Aim of the exercise:
Find the line that contains "map of restaurants, bars, coffee". Copy it and every line after it to the end of the material below, exactly, with no pictures.

Supplied records:
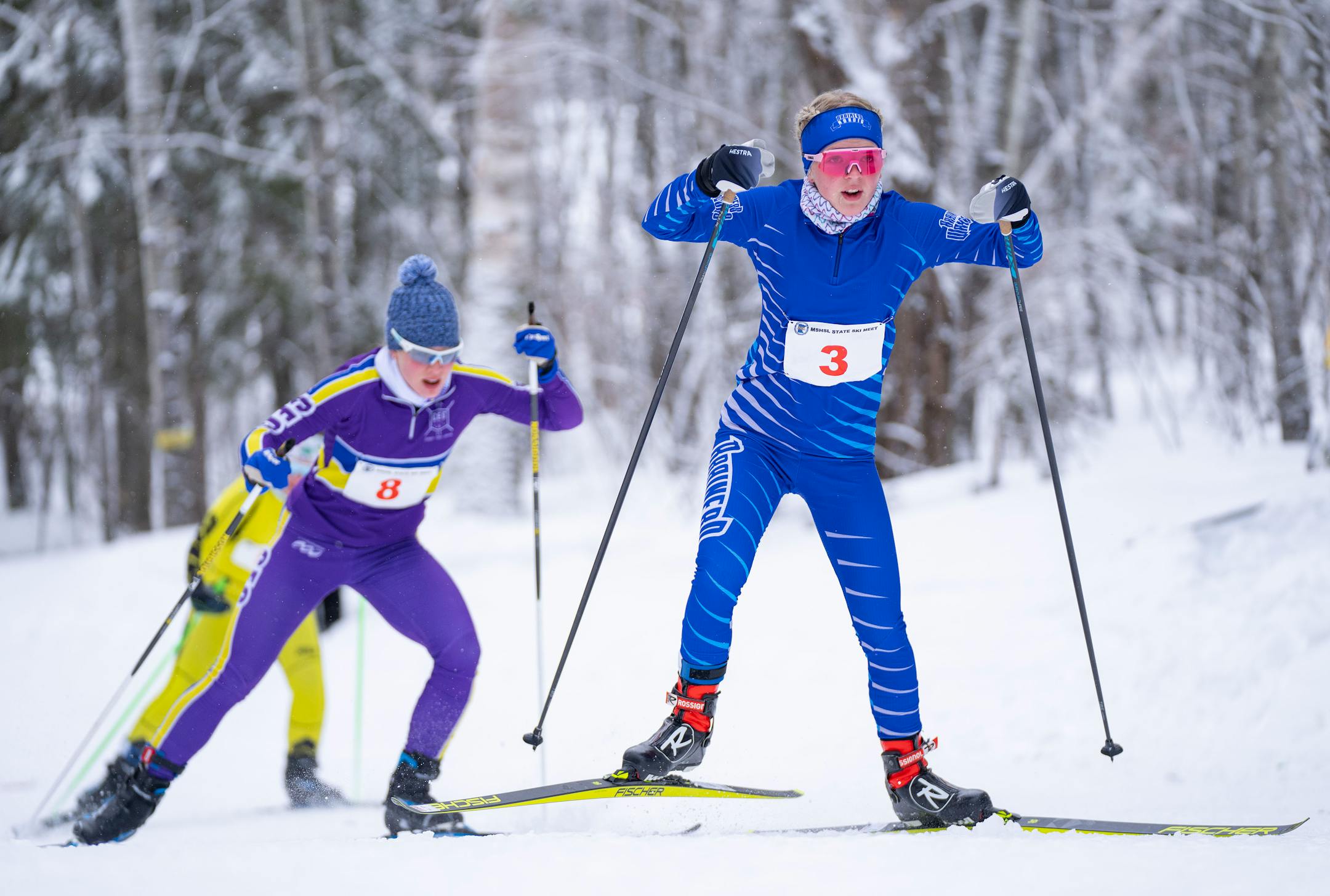 Brainerd nordic skier Isabelle Smith (3) competes in the girl's team sprint qualification race during the MSHSL Boys and Girls Nordic Ski Racing Meet.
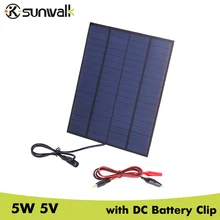 SUNWALK 5W 18V 270mAh Solar Panel Charger with DC 5521 Output Crocodile Battery Clip Solar Charging for Car Battery 12V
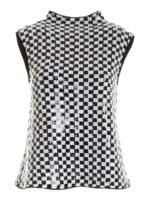 Top a quadretti con paillettes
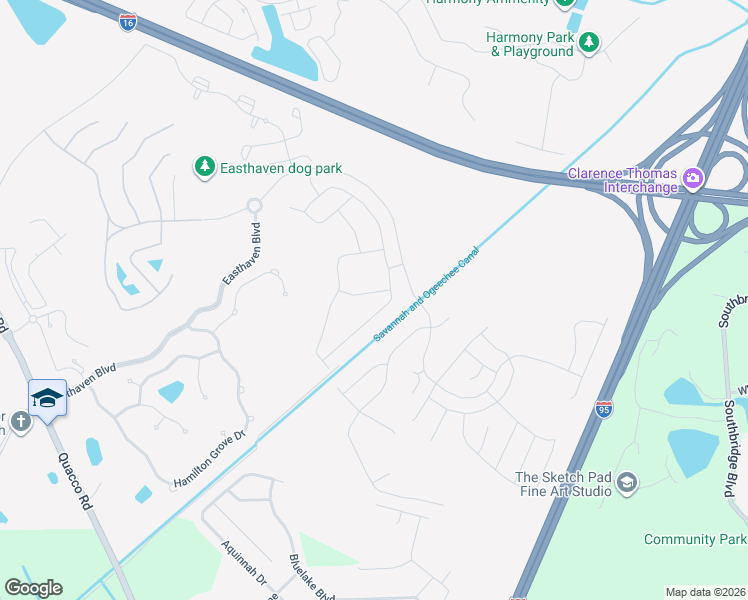 map of restaurants, bars, coffee shops, grocery stores, and more near 167 Martello Road in Pooler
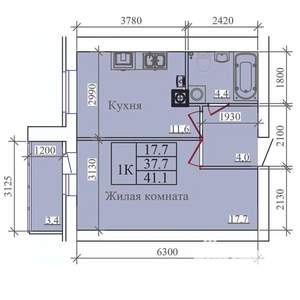 1-к квартира, вторичка, 41м2, 10/14 этаж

Reply:
 map of restaurants, bars, coffee shops, grocery stores, and more near 167 Martello Road in Pooler
 1-к квартира, вторичка, 41м2, 10/14 этаж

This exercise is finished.